» What you will do: The answer must be an exact copy of the records, with every picture left out.

» Record extracts:
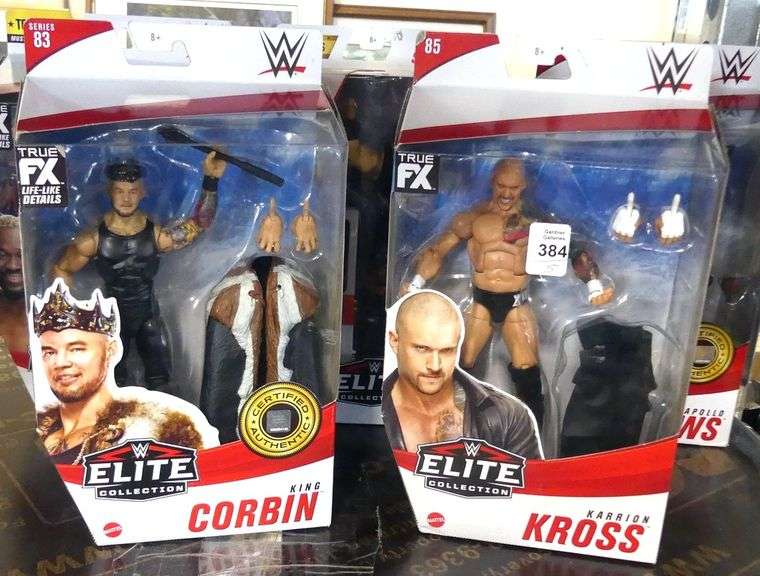 FIVE MATTEL WWE "ELITE" ACTION FIGURES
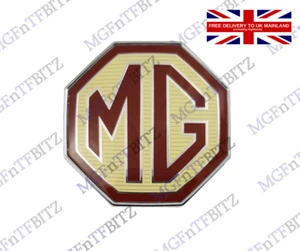 INSIGNIA DELANTERA O TRASERA ORIGINAL MG DAB000160 MG TF AUTOADHESIVA CON LENGÜETAS - Imagen 1 de 1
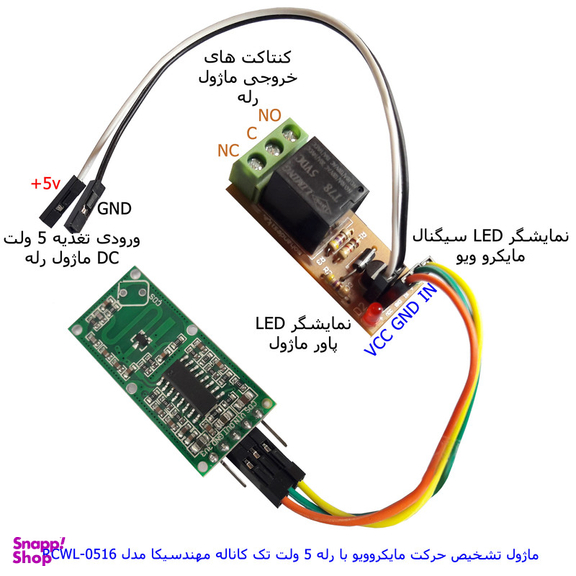 کیت تشخیص حرکت مایکروویوی مهندسیکا مدل RCWL-0516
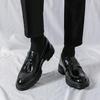 Men's Tassel Loafers: British Style, Big Sizes 38-46, Trendy Casual Leather Business Shoes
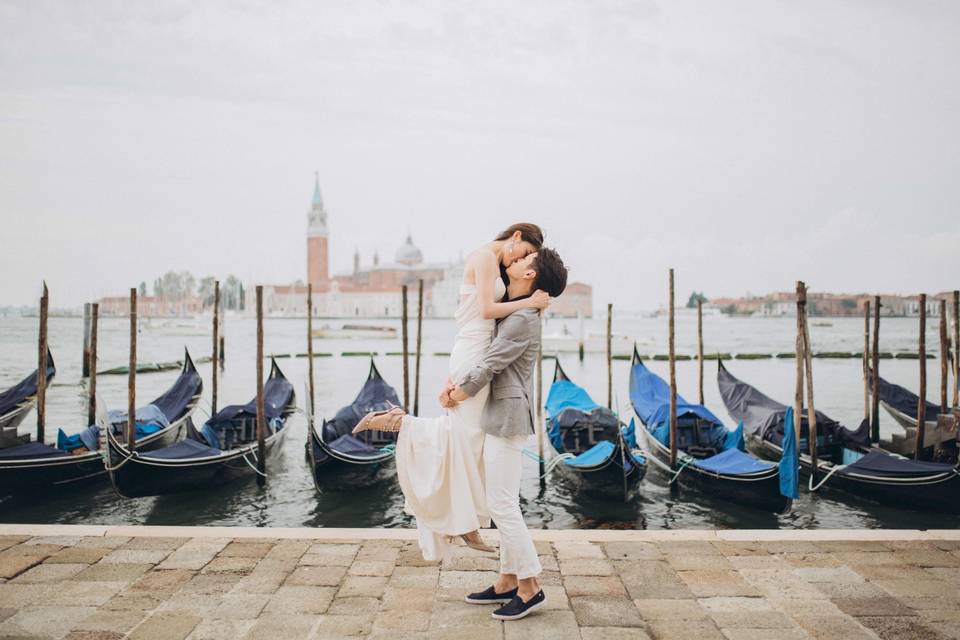 Wedding photo in Venice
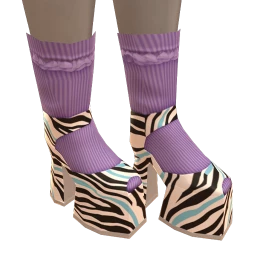 Cloud Nine Neat Zebra Shoes
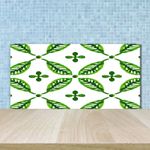 Tulup Kitchen Glass Splashback 100x50 Green leaves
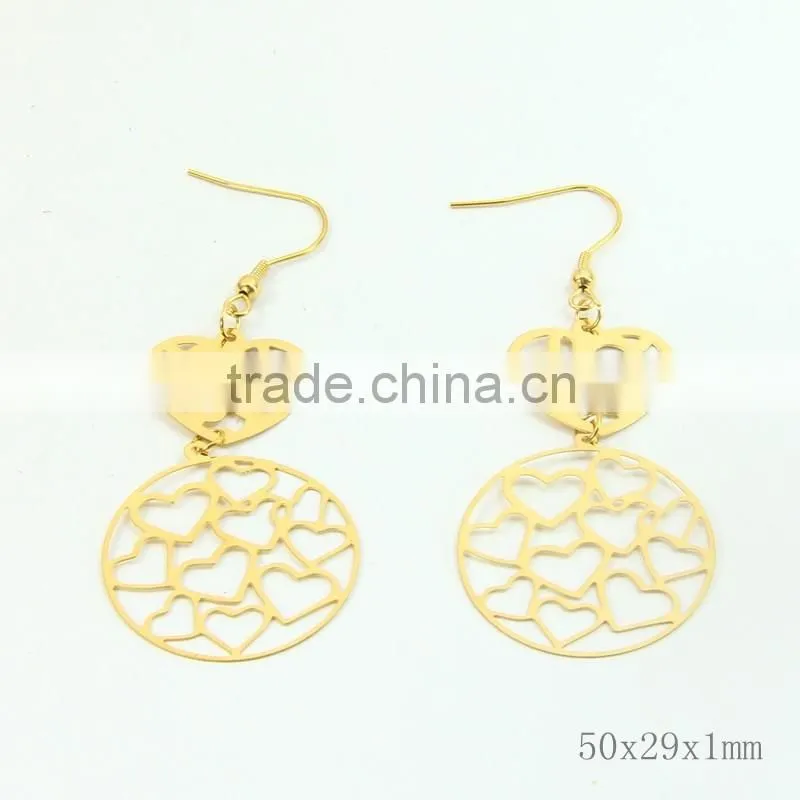 Special Design Earrings Stainless Steel, Nickel- and Lead-free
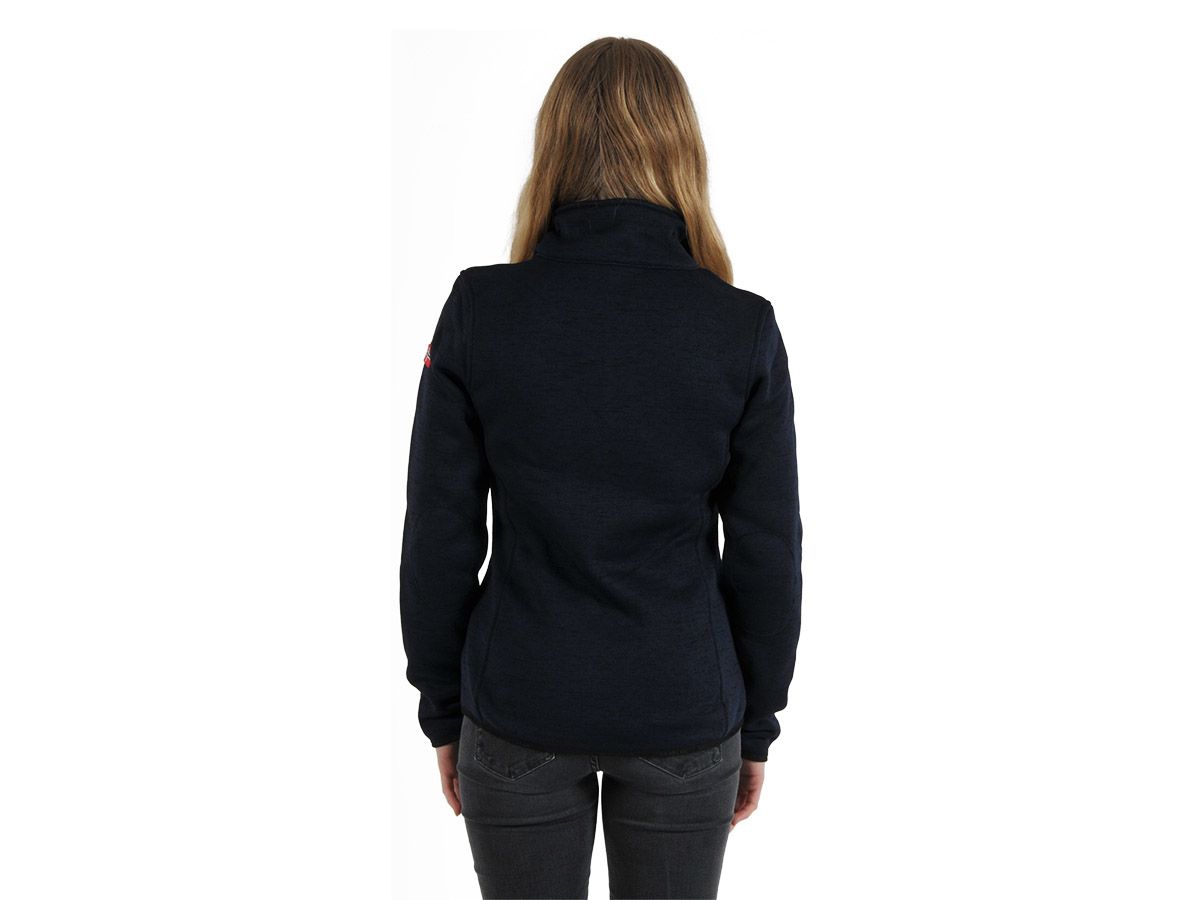 Nordberg Andrea Dark Navy Melange Damen Fleecejacke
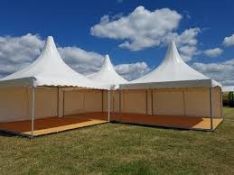 *3x3m Open Sided Pagoda Style Marquee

» Written response:
 FIVE MATTEL WWE "ELITE" ACTION FIGURES
 INSIGNIA DELANTERA O TRASERA ORIGINAL MG DAB000160 MG TF AUTOADHESIVA CON LENGÜETAS - Imagen 1 de 1
 کیت تشخیص حرکت مایکروویوی مهندسیکا مدل RCWL-0516
 Men's Tassel Loafers: British Style, Big Sizes 38-46, Trendy Casual Leather Business Shoes
 Wedding photo in Venice
 Cloud Nine Neat Zebra Shoes
 Tulup Kitchen Glass Splashback 100x50 Green leaves
 Special Design Earrings Stainless Steel, Nickel- and Lead-free
 Nordberg Andrea Dark Navy Melange Damen Fleecejacke
 *3x3m Open Sided Pagoda Style Marquee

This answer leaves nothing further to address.